As we get close to the end of the semester, it’s been quite busy in the archives. Students are trying to finish research papers and everyone else wants to wrap projects up before the rush of the holidays. Last week was particularly wild, but during a brief respite there was one very pleasant moment of serendipity. Not two hours after I put up the post about Zevi Salsburg, a gentleman came in looking for a copy of the operations manual for the R1 computer. He turned out to be Sigsby Rusk, a Rice physics Ph.D. who had become the head of the computer project in 1966. (Rusk was also the source of the photographs that are included in the short history of the Rice computer.) We had the manual he was interested in, as well as a couple of boxes of other documentation and some photos. I spent some thoroughly enjoyable time talking with him about the computer and the people involved with it and looking through some of the pictures.
It was all interesting, but the thing that really caught my attention was an accident–one of the photographs seemed to be out of place. Rather than a picture of the R1 or its crew, it shows Tom Bonner (in coat and tie) of the physics department standing near part of the van der Graaf accelerator that was so critical to mid-century Rice’s strength in physics. With him, bent over the apparatus, is a man that Mr. Rusk identified as Frans Vander Henst. I had heard of Vander Henst, often, but this was the first time I’d ever knowingly seen him.

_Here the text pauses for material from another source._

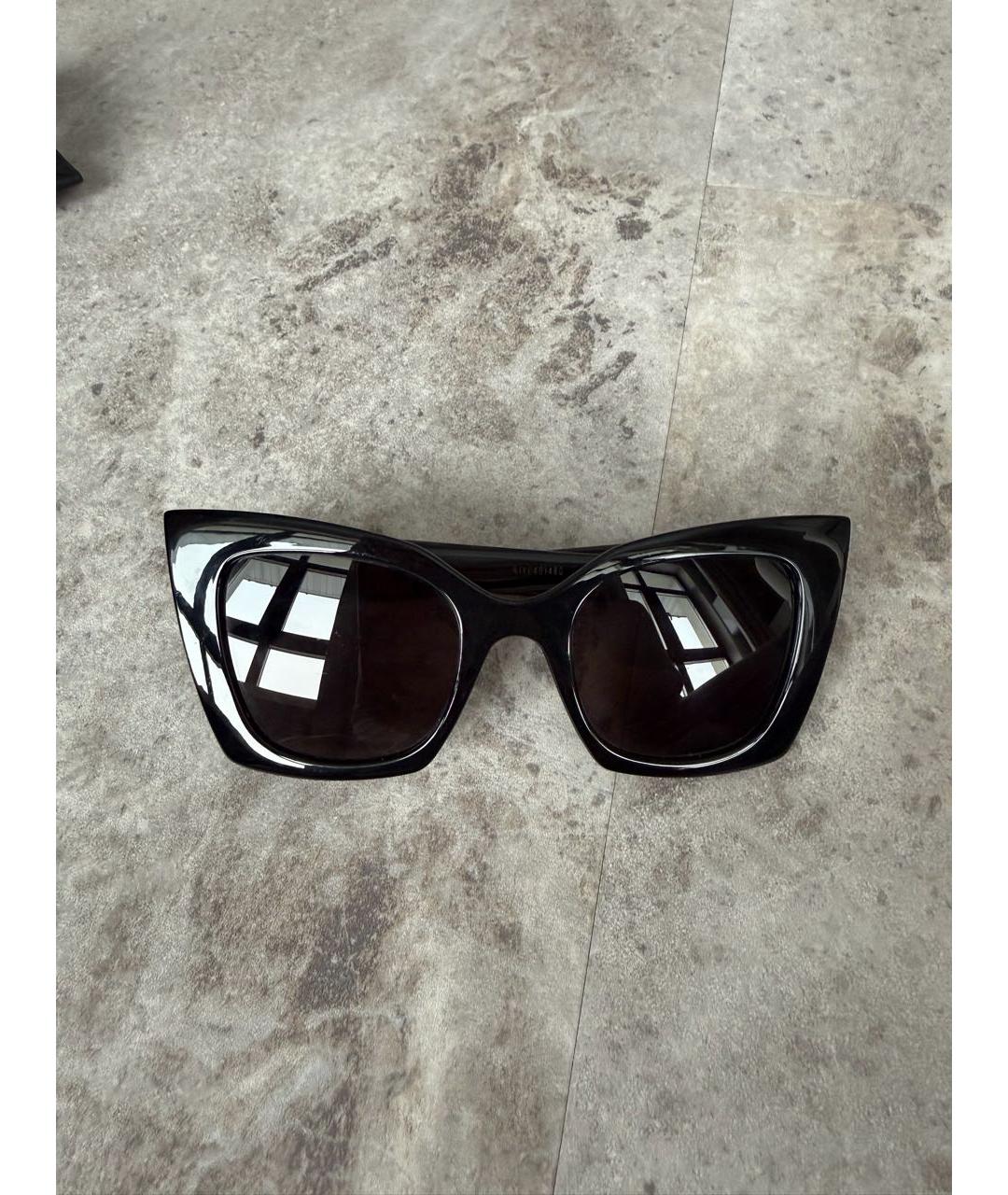 SAINT LAURENT Черные пластиковые солнцезащитные очки, фото 5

Staff members, no matter how important their role, often completely disappear from the historical record. This is nearly true of Vander Henst. Unlike the faculty who worked in the department, only the smallest traces of him remain in the archives. Here’s everything I know: He came to Rice in it’s earliest days. He arrived in 1920 from Holland, where he had been highly trained as a scientific technician, and took charge of the physics shop. He retired 48 years later, having overseen the transition from relatively simple machinery to nuclear reactors. His name appears in the directory and we have a copy of his obituary. (He died in 1992 at the age of 94.) Most of the people who told me stories about him are now themselves gone, and there is only a vague memory of him on campus anymore. What is remembered is that he was kind of a joker. The only thing that gives any sense of what his importance may have been are the “thank yous” in the acknowledgment sections of a great many Ph.D. dissertations and scholarly articles.